During my years as an at-home mom, I somehow gained a reputation among my friends of being good with words. Over the years, a few of them handed me their manuscripts to look at, and I found that I enjoyed doing that. Dabbling in all that text made me salivate; I wanted more.
Meanwhile, outside my dreamland of academia and novice editing, the world of serious, professional editing was unfolding: spaces after periods were lost, sentence adverbs fell in and out of favour, the mysterious Oxford comma came into common usage, and, most importantly, the Editors’ Association of
Canada was founded. It was ready and waiting for me in 2012, the year that my at-home-mom/homeschooling tasks eased up enough for me to look into the future. The story goes that the founders of the association, when deciding on the group’s name, argued for half an hour about the apostrophe in “Editors’.” Such arguments were still going on decades later when I joined the association: I knew I was in the right place when a discussion broke out on the listserv regarding the use of the hyphen in Spider-man.
By 2012, my novice editing had gone from dabble to serious and I needed training. The NCR branch seminars were easy to find and I was soon enjoying Moira White’s take on eight-step editing. The seminar was great; I wanted more. I attended seven seminars over the next two years. Every single one has turned out to be useful.
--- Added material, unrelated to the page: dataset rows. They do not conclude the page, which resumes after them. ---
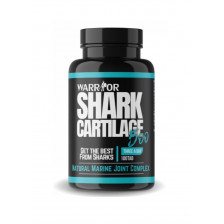 Shark Cartilage 500 - chrząstka rekina 100 tabletek - Warrior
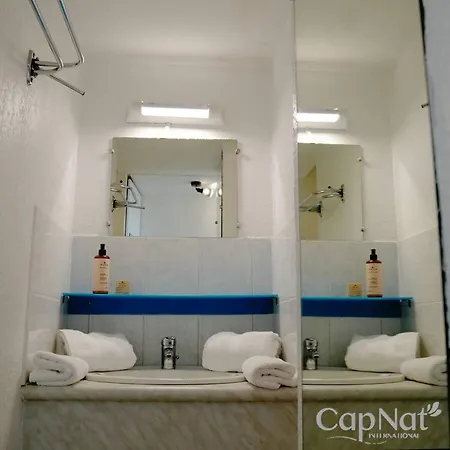 Appartamento éco 2 Pièces Au Soleil - Fr-1-867-10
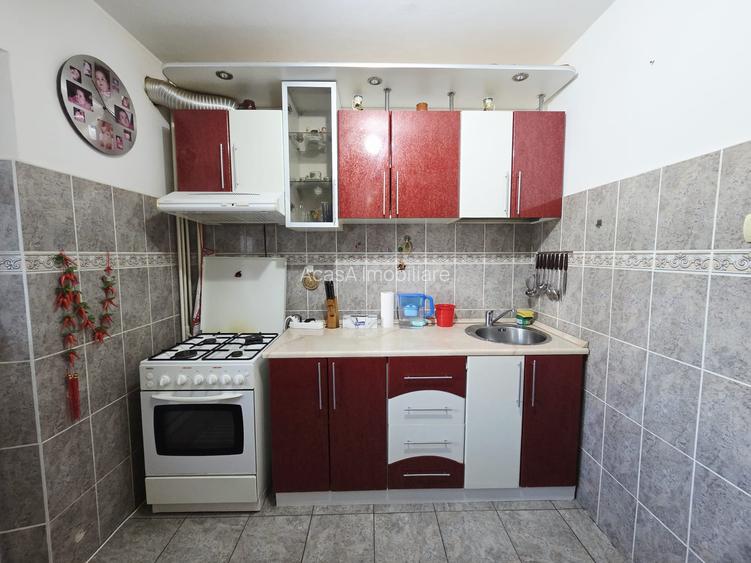 Apartament 2 camere Ic Frimu Nae Leonard etaj 2 C-uri - 6
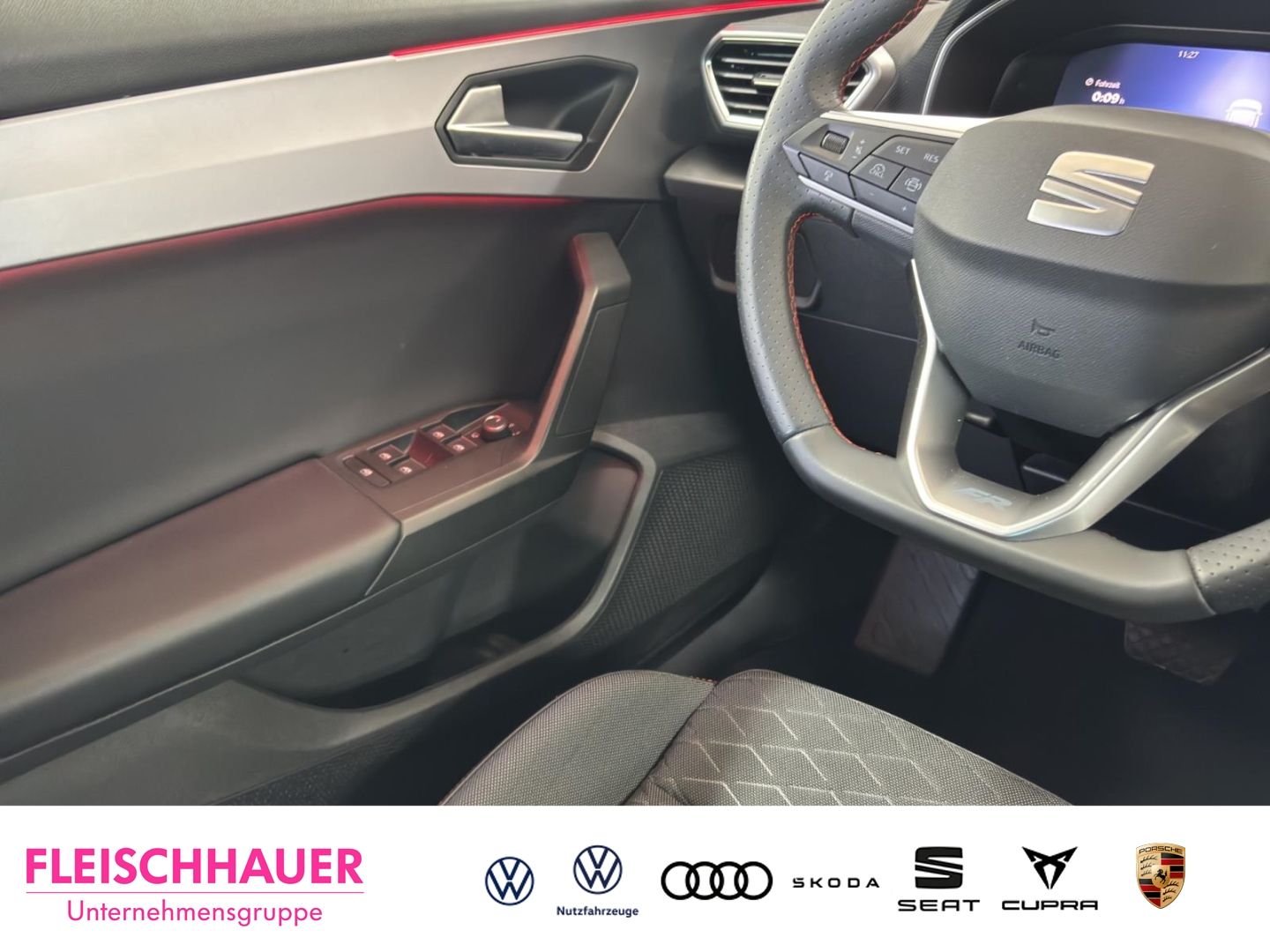 Seat Leon - Bild 15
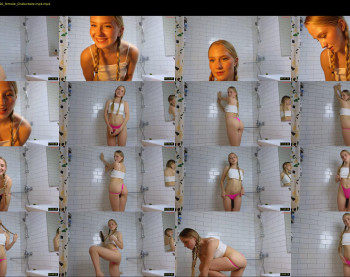 katcontrol — 28 minute Chaturbate female cam video clip, 720p, Jul 25, 2025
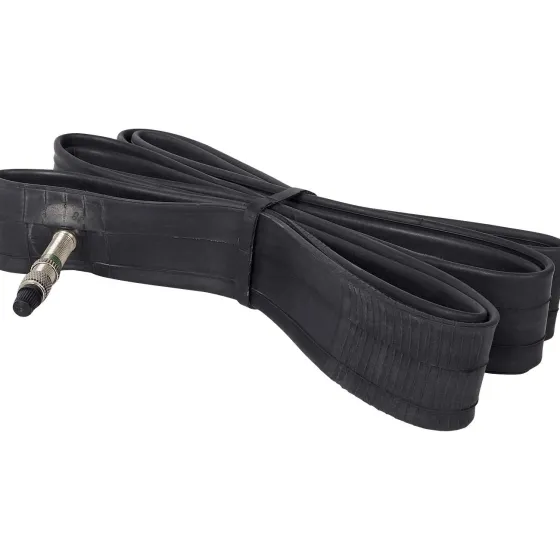 Fietsaccessoires>Walfort Binnenband Zwart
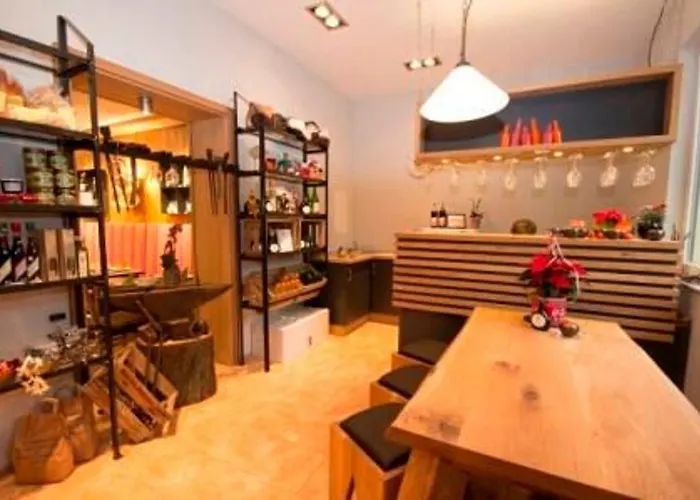 Locanda Gaestehaus Am Westtor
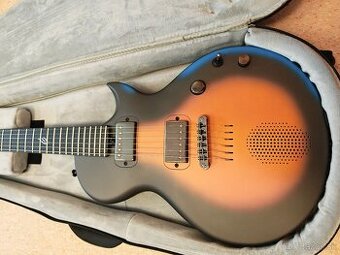 Elektrická smart gitara Enya Sonic JT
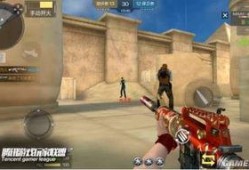 穿越火线手游吃瓜视频,吃瓜视频揭秘游戏幕后趣事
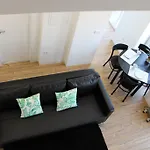 Assembleia Marcoense Апартаменты *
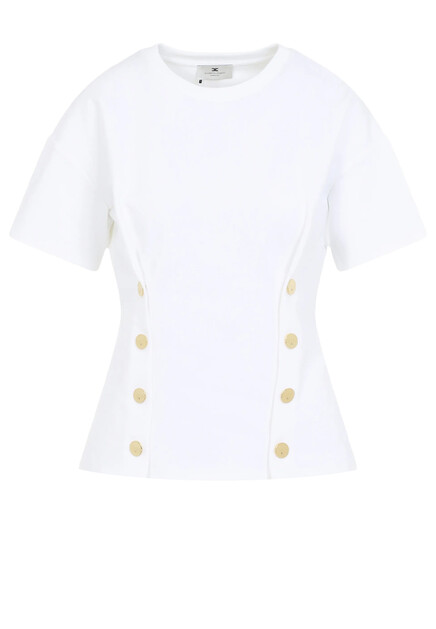 Футболка ELISABETTA FRANCHI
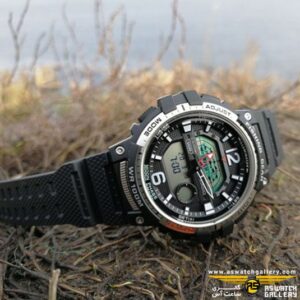 ساعت کاسیو WSC-1250H-1AVDF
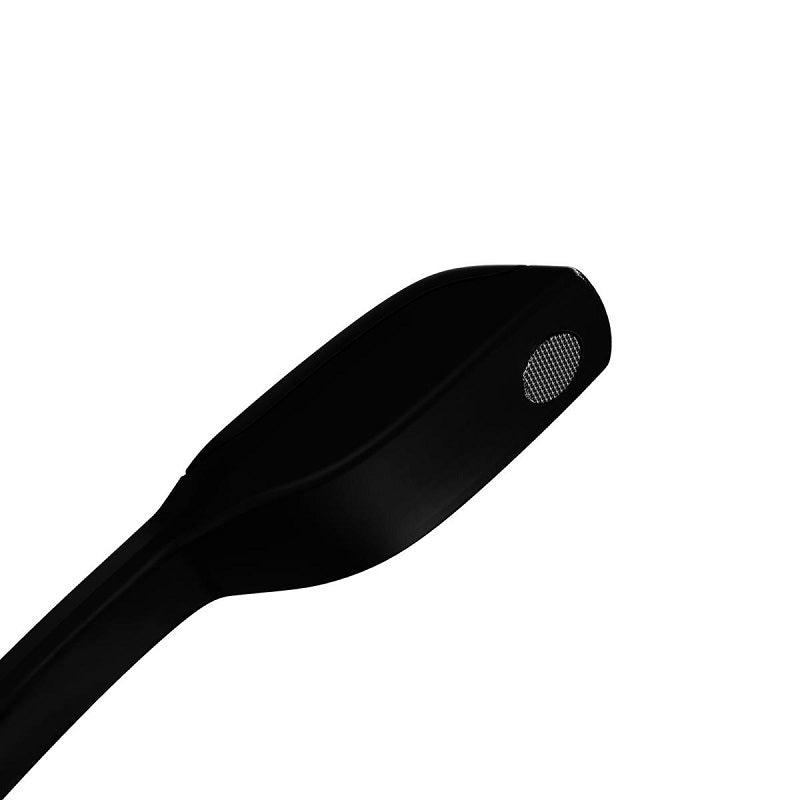 EPOS Sennheiser IMPACT SC 232 Wired Robust Single-Sided Headset - Black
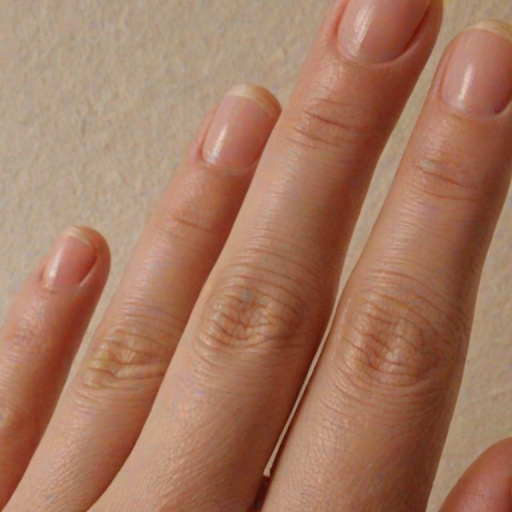 image finger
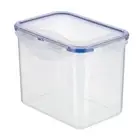 NEW Lock & Lock Airtight Tall Rectangular Container 1L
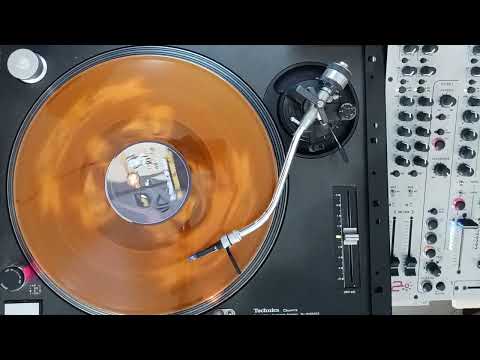 DRUM ORANGE 016 B DJ Panik & M Rode–Close Your Eyes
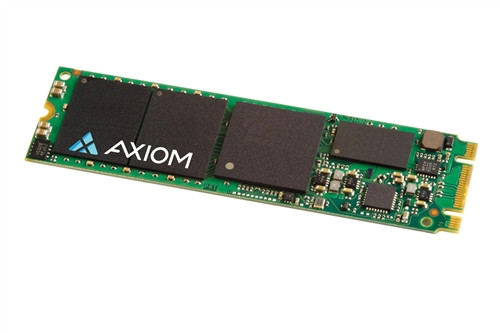 AXG97591 , Axiom AXG97591 internal solid state drive 240 GB M.2 Serial ATA III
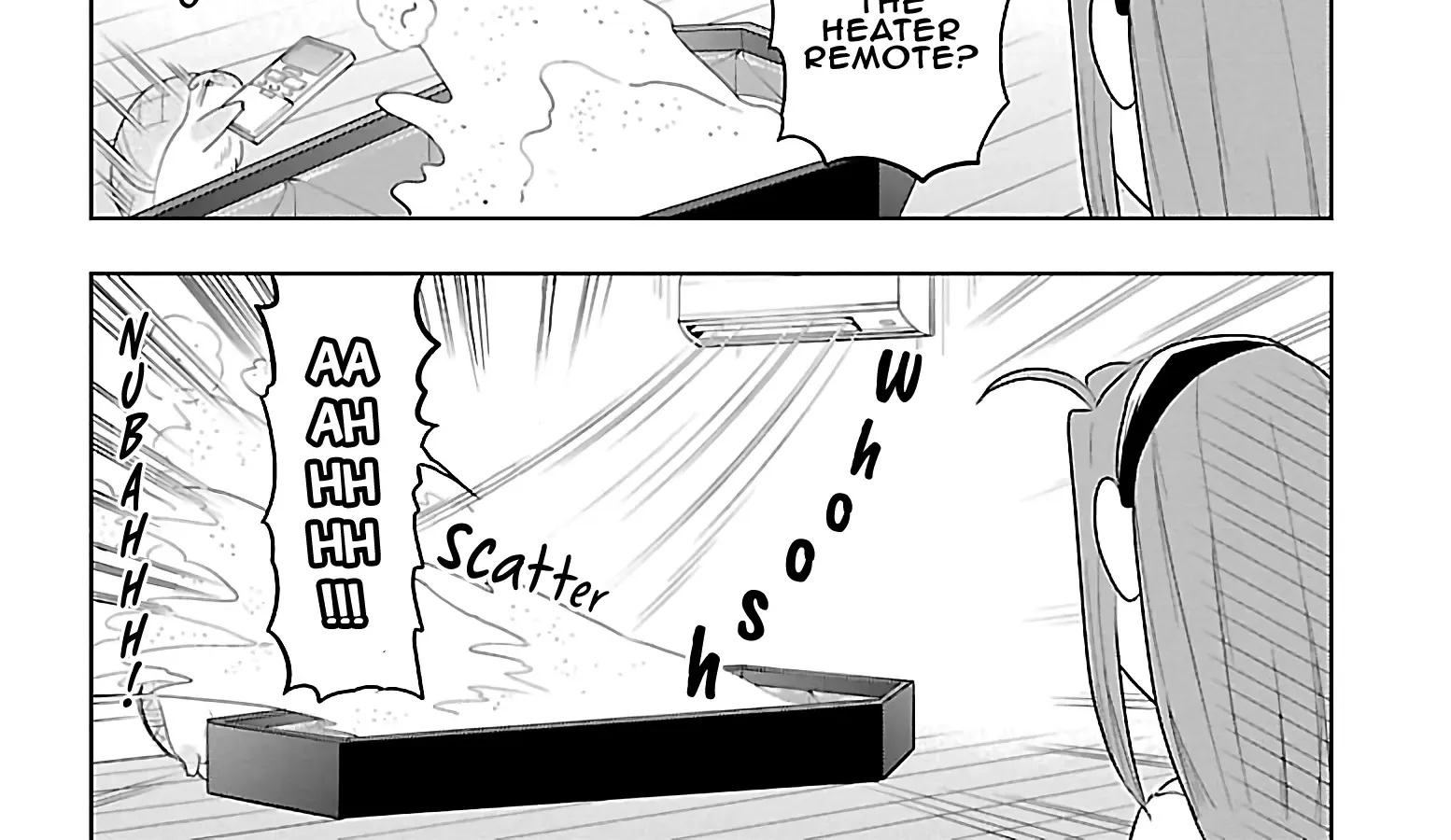 Kyuuketsuki Sugu Shinu Chapter 74 page 4 - 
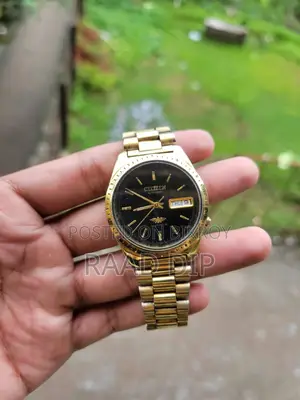 Vintage Citizen Automatic 21 Jewels GN-4W-S Japan Made Watch Sale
That same year, the EAC conference was in Ottawa and I had the opportunity to enjoy many more good seminars, one after another. Every session I attended was revelatory, but I was especially struck by Elizabeth d’Anjou’s advice in her seminar, “Freelance Editing: The Top 10 Things I Wish I’d Known.” Her last point was especially notable: “I’m not an editor; I’m someone who runs a freelance editing business.” I realized then that if I was seriously going to be a copy editor, I was going to have to run it as a business. That idea took some getting used to: in all my years submerged in history and literature I never once pictured myself as a business woman……and so I signed up for Christine LeBlanc’s “Starting a Freelance Career.”
The benefits of NCR seminars go on and on.